The grandmother who is suing Georgia's Division of Family and Children's Services for her granddaughter's death attended a candlelight vigil for the victims of murder in Gwinnett County. Ten-year-old Emani Moss was starved to death, her body burned in a trash can, despite a lengthy record of abuse on file with D-FACS.
The loved ones of people murdered in Gwinnett County this year filled the Justice Center in Lawrenceville, including Robin Moss.
Robin Moss was in good spirits despite her heartbreak. It's her own son and his wife who are charged with killing the little girl. Bagpipes, song and the lighting of several Christmas trees were just a part of the ceremony.
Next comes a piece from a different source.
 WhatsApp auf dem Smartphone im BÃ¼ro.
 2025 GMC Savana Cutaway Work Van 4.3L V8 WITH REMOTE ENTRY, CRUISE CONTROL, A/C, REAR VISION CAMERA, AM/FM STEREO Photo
Each victim's name was also read aloud followed by the ring of a bell.
Robin Moss said she wished her granddaughter was with her. "It's difficult because it's the loving time of year, honestly, and family and we all miss her," she said. "She made a list every year. Last year she only wanted two things and that was a book and to be with me."
At least for the night rather than think about how police say her own son and daughter-in-law neglected and killed her grandchild, Moss said she'd rather think about Emani is in "a safer place now where no one else can hurt her, no more harm, no more pain."
Eman and Tiffany Moss are both in jail, charged with murder. An attorney for grandmother Robin Moss recently sent a letter of intent to sue to the state, saying D-FACS is largely responsible for the little girl's death.